(Materials provided)

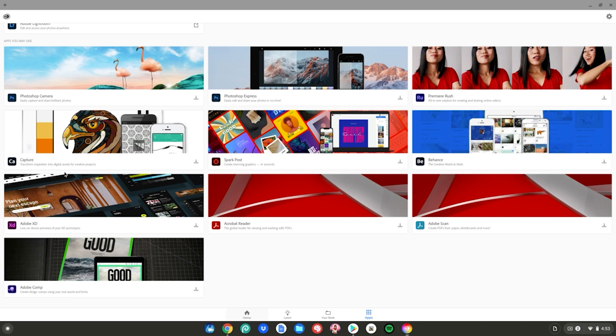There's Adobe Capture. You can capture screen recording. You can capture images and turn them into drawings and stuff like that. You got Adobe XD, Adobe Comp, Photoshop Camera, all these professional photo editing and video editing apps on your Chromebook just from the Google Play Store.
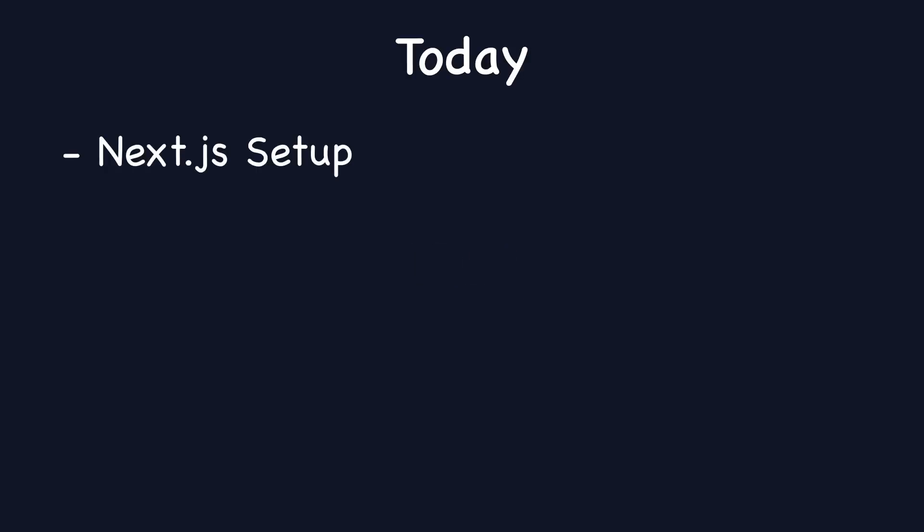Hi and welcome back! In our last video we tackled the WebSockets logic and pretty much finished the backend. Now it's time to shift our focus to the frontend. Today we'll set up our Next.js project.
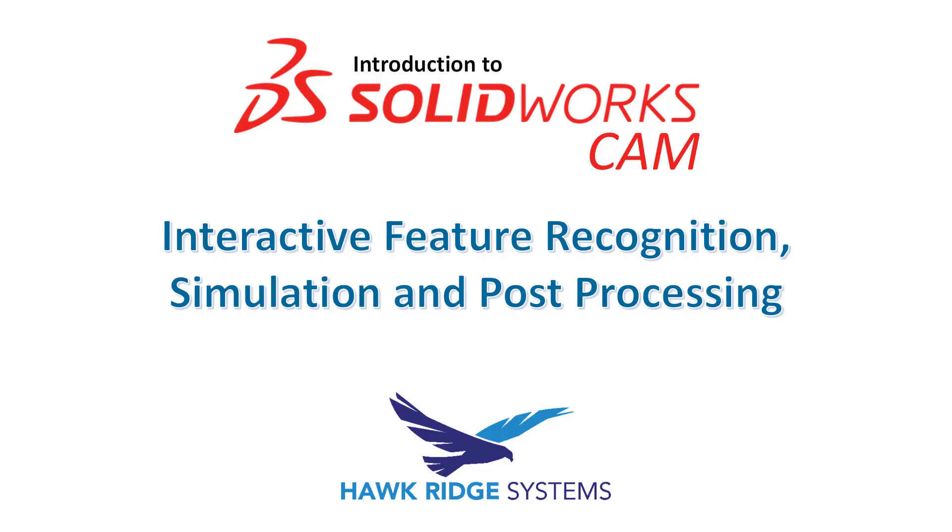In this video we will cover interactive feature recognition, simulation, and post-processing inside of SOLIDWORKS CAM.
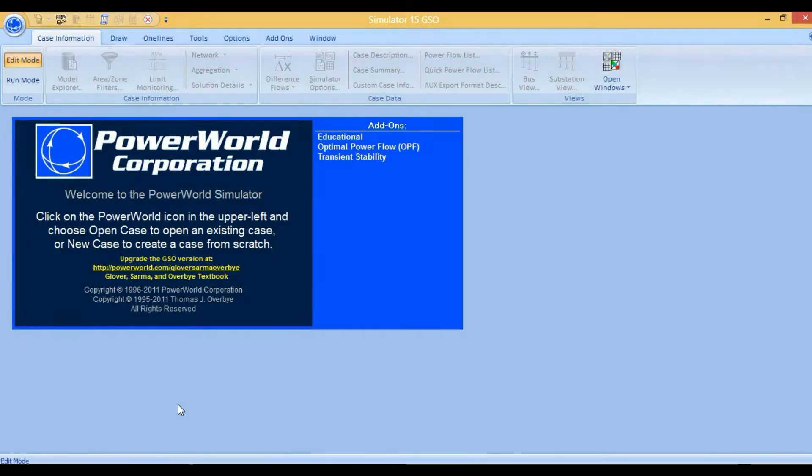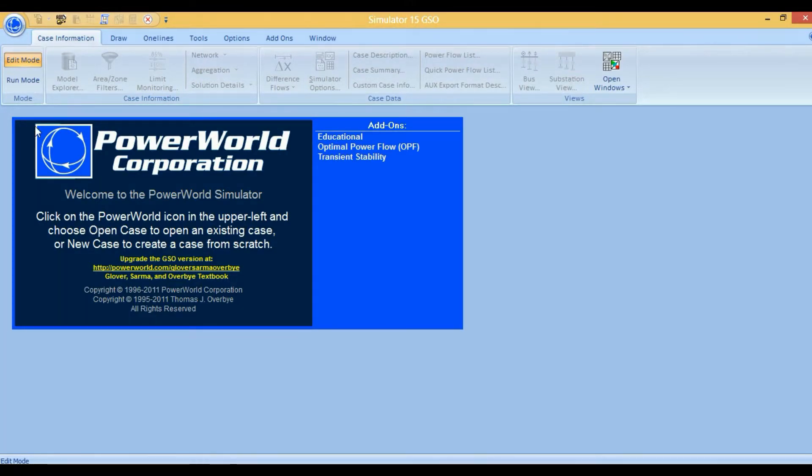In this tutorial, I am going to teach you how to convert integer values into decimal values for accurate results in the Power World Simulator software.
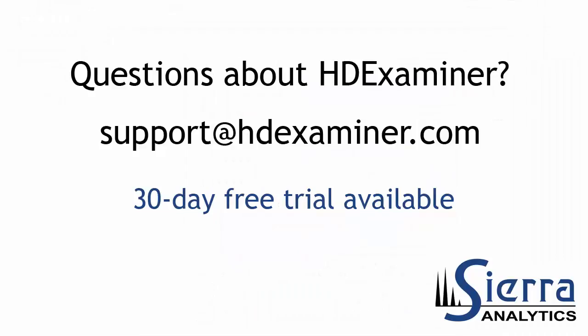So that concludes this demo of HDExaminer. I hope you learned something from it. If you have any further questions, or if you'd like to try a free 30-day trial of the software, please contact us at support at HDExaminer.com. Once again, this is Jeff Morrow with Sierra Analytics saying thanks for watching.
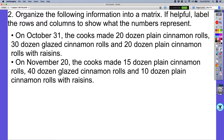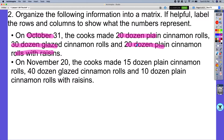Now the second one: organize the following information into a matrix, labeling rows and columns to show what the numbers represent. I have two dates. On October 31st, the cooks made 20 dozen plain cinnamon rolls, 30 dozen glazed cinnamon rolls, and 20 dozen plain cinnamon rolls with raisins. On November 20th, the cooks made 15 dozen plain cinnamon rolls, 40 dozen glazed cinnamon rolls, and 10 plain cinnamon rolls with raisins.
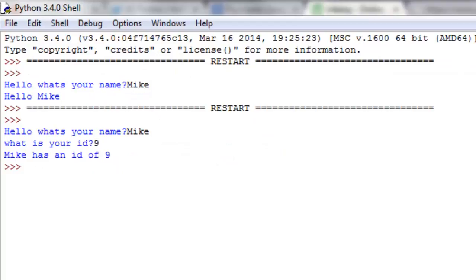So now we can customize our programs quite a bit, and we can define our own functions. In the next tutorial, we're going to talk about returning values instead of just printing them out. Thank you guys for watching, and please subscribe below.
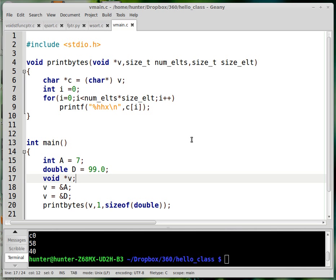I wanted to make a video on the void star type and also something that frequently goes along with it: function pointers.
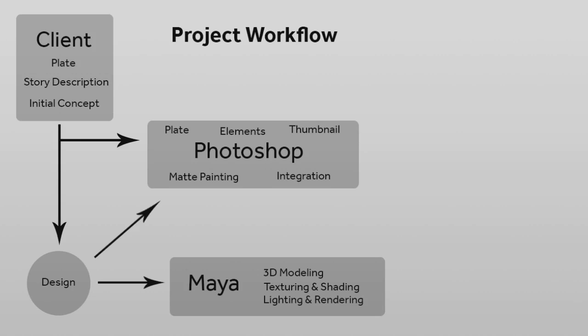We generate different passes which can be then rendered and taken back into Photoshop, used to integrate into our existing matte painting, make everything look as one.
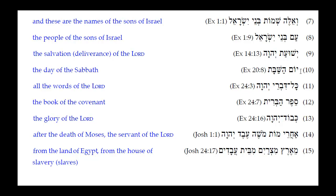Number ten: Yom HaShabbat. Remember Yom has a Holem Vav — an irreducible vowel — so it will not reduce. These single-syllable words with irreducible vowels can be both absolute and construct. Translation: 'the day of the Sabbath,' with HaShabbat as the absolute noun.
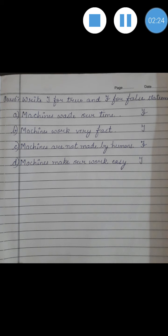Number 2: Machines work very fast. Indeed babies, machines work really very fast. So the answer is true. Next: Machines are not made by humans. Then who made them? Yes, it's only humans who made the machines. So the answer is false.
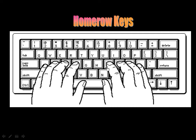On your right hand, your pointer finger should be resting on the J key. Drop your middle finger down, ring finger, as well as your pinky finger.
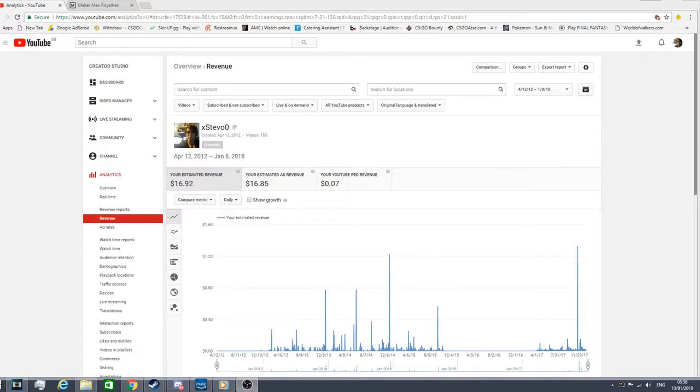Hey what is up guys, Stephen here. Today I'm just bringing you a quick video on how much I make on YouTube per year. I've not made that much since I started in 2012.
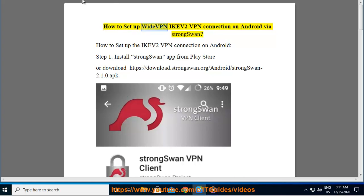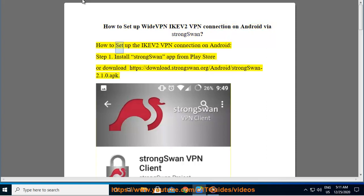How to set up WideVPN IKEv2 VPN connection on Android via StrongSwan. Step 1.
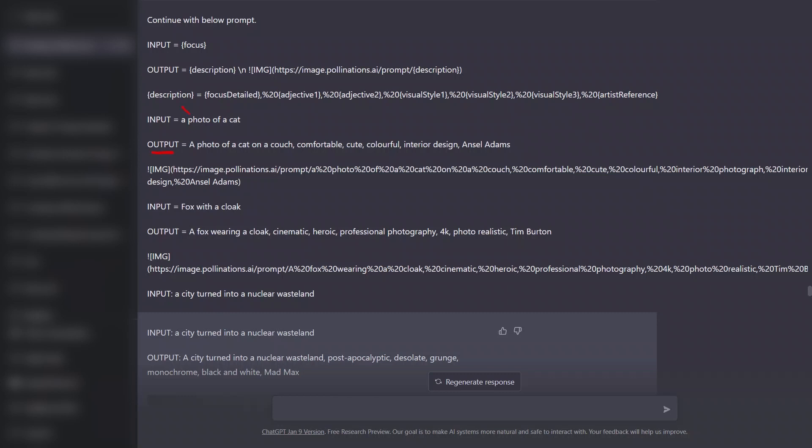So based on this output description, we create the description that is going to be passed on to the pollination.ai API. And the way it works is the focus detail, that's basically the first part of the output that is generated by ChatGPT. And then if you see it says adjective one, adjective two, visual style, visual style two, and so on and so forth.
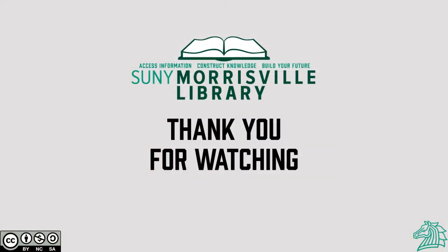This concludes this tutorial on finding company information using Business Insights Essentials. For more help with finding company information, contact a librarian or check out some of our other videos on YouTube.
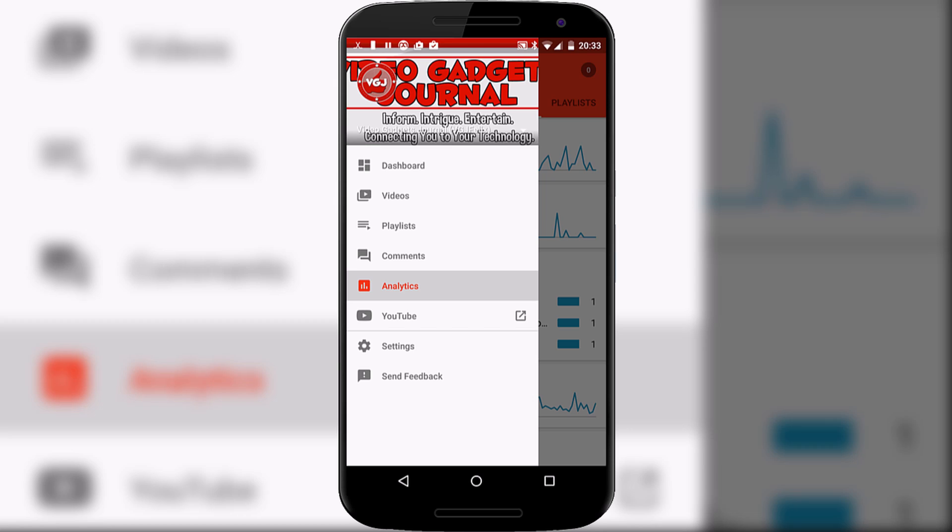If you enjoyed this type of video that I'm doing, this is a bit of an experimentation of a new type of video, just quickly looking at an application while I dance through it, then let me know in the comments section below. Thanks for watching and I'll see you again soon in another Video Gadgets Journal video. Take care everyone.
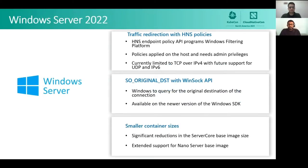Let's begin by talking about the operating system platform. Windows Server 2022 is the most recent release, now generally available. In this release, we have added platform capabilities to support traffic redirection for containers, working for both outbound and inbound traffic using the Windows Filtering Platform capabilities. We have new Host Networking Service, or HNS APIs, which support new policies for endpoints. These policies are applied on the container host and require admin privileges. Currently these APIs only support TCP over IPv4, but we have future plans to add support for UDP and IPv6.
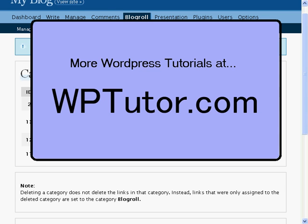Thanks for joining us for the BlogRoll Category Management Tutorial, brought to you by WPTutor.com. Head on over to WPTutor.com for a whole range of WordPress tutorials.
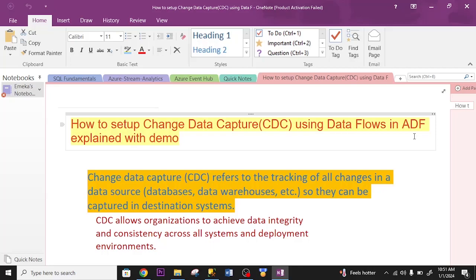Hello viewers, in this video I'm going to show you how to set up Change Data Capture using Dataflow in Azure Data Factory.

(Brief)
While skipping the pictures, transcribe the data above from the line showing "In this tutorial, I" through the line showing "We generate different", exactly and with both ends.

(Solution to this problem)
In this tutorial, I am going to teach you how to convert integer values into decimal values for accurate results in the Power World Simulator software.
So that concludes this demo of HDExaminer. I hope you learned something from it. If you have any further questions, or if you'd like to try a free 30-day trial of the software, please contact us at support at HDExaminer.com. Once again, this is Jeff Morrow with Sierra Analytics saying thanks for watching.
Now the second one: organize the following information into a matrix, labeling rows and columns to show what the numbers represent. I have two dates. On October 31st, the cooks made 20 dozen plain cinnamon rolls, 30 dozen glazed cinnamon rolls, and 20 dozen plain cinnamon rolls with raisins. On November 20th, the cooks made 15 dozen plain cinnamon rolls, 40 dozen glazed cinnamon rolls, and 10 plain cinnamon rolls with raisins.
So now we can customize our programs quite a bit, and we can define our own functions. In the next tutorial, we're going to talk about returning values instead of just printing them out. Thank you guys for watching, and please subscribe below.
I wanted to make a video on the void star type and also something that frequently goes along with it: function pointers.
We generate different passes which can be then rendered and taken back into Photoshop, used to integrate into our existing matte painting, make everything look as one.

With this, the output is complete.